Work request: An exact copy of the data is required, with no pictures in it.

Source data:
------------------------

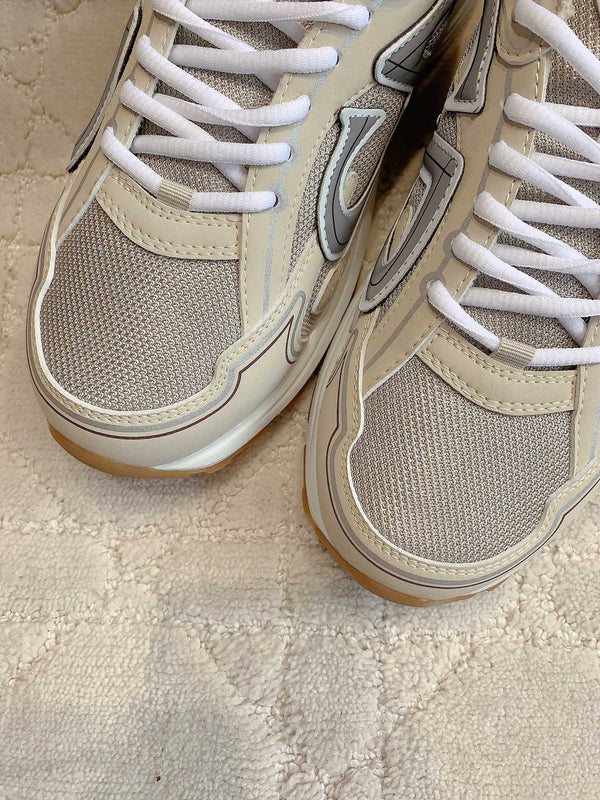 CD B30 Sneaker Grigio Beige Mix Marrone Tessuto a Rete in Poliestere e Pelle di Vitello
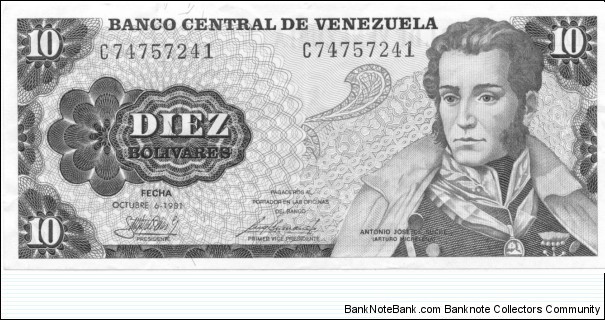 P60a - 10 Bolivares - 06.10.1981 Banknote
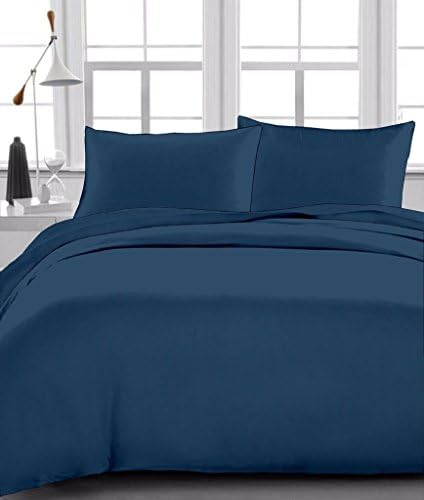 Navy Blue Solid 300 Thread Count Egyptian Cotton (+9 Inch) Deep Pocket, Olympic Queen Size Bed Sheet Set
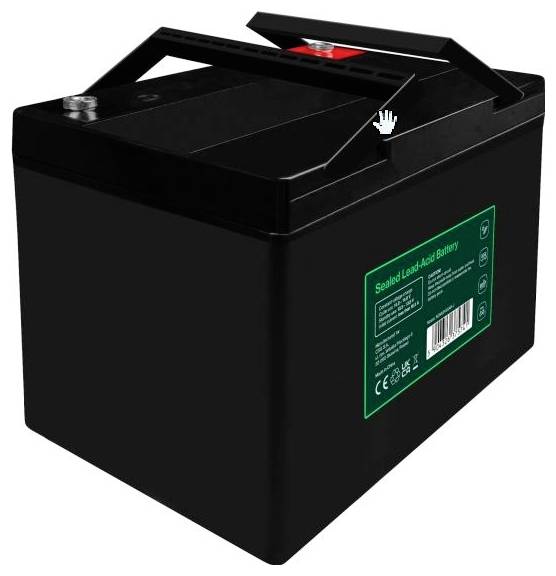 Schwarze versiegelte Blei-Säure-Batterie mit Oberflächenpolklemmen und grünem Produktetikett, dargestellt auf weißem Hintergrund.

------------------------

Solution below:
 CD B30 Sneaker Grigio Beige Mix Marrone Tessuto a Rete in Poliestere e Pelle di Vitello
 P60a - 10 Bolivares - 06.10.1981 Banknote
 Navy Blue Solid 300 Thread Count Egyptian Cotton (+9 Inch) Deep Pocket, Olympic Queen Size Bed Sheet Set
 Schwarze versiegelte Blei-Säure-Batterie mit Oberflächenpolklemmen und grünem Produktetikett, dargestellt auf weißem Hintergrund.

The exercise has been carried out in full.